--- RAW DATA ---
◇ ◇ ◇ ◇

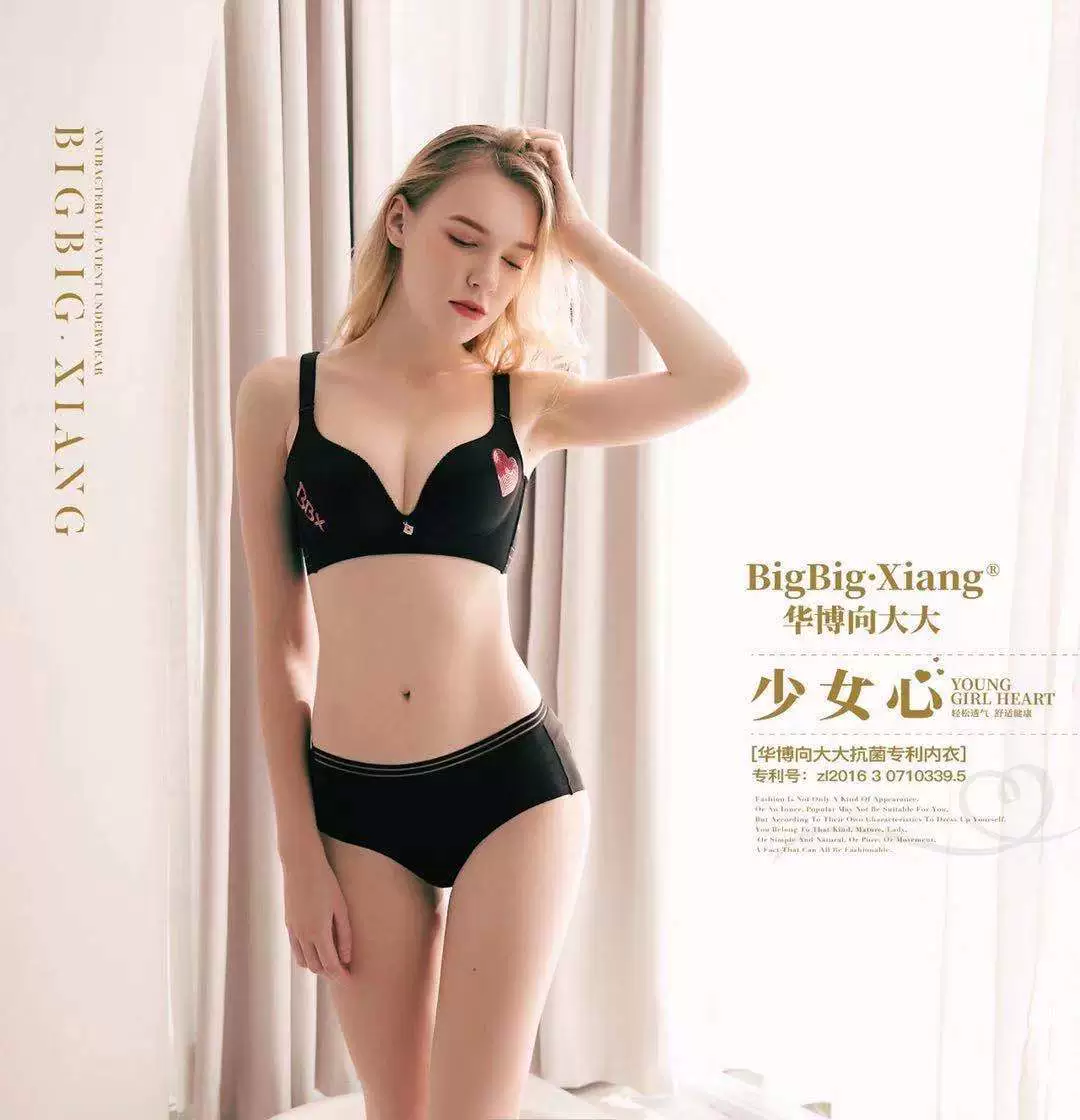 华博向大大 Underwear, комплект, дышащий беспроводной бюстгальтер
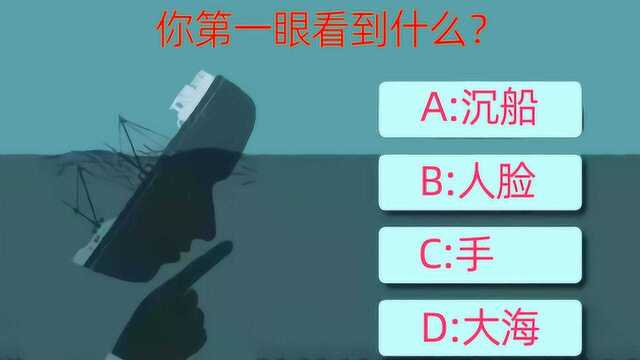 这张图你第一眼看到了什么?测试你是不是个低调的人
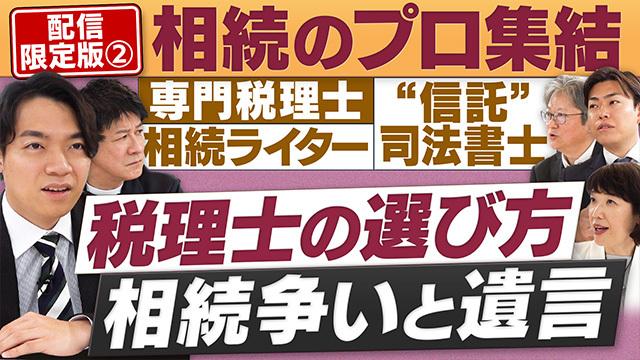 円卓コンフィデンシャル～他社との遭遇～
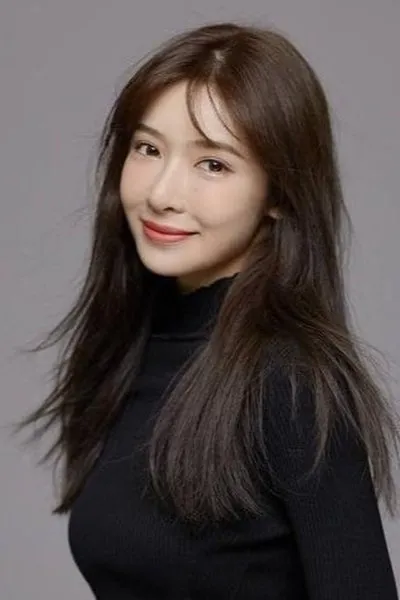 Jin Le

◇ ◇ ◇ ◇

--- ABOUT THIS TASK ---
Only the pictures stay out; everything else in the listing above must be repeated exactly.

--- OUTPUT FOR THIS EXERCISE ---
 华博向大大 Underwear, комплект, дышащий беспроводной бюстгальтер
 这张图你第一眼看到了什么?测试你是不是个低调的人
 円卓コンフィデンシャル～他社との遭遇～
 Jin Le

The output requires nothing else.